Parameters controlling formation of the NPs were systematically varied in this study. Generally, the starting formulation was as follows: PLGA-b-PEG (10 mg/mL) and docetaxel (0.1 mg/mL) were dissolved in acetonitrile. The mixture was added dropwise to a 2× volume of stirring water. The NPs were produced with the nanoprecipitation method in four solvents: N,N-dimethylformamide (DMF), acetone, acetonitrile, and tetrahydrofuran (THF). The effects of the various solvents were assayed on the overall size of the NPs. For each solvent, the ratio of solvent to water was varied from 0.1 to 1 (using 10 mg/mL polymer for each).

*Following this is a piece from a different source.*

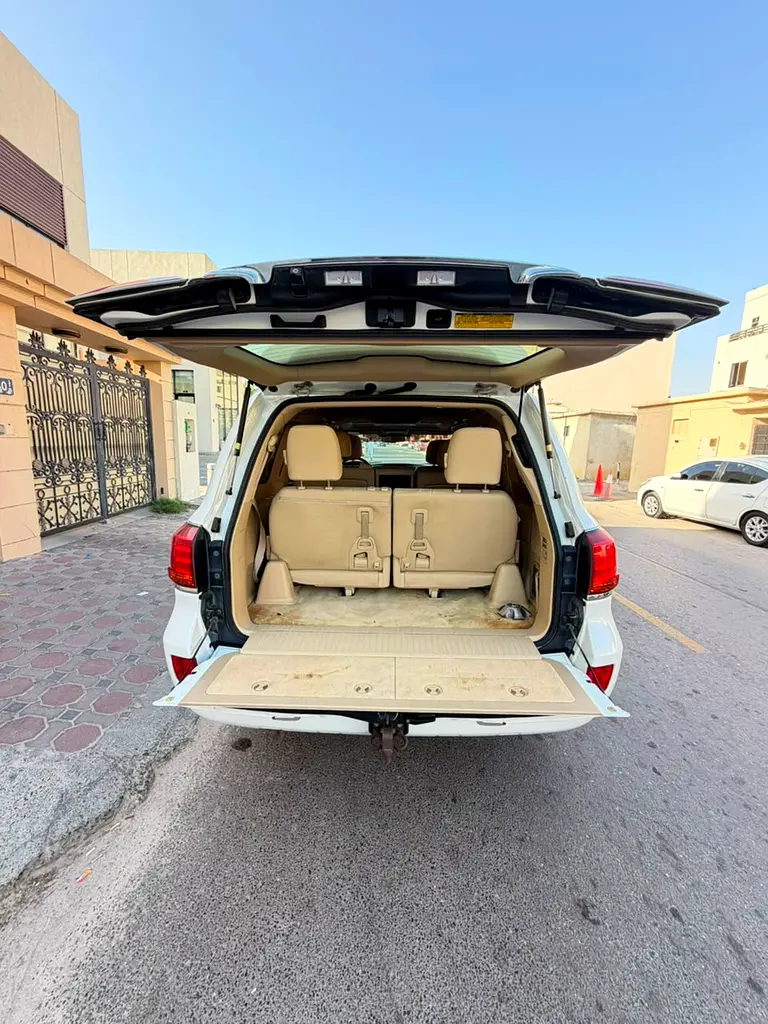 Lexus LX 570 Platinum 2010 | GCC Specs | Pristine Condition - Image 16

Further, a range of polymer concentrations in the organic phase from 5 mg/mL to 50 mg/mL was used for formation of NPs in a 2 × volume of water. The NPs were processed as above in triplicate, noting trends in formulation parameters. In another study, NPs containing variable amounts of docetaxel were synthesized by adjusting docetaxel drug loading from 0% to 10% by weight of the added polymer, formulating the NPs from 10mg/ml polymer in acetonitrile and a 2 × volume of water.
NP post-formulation stability was studied for both the purification and bioconjugation steps, and through the storage in solid-state after freeze-drying. NPs were also flash-frozen in liquid nitrogen prior to lyopholization for freeze-drying.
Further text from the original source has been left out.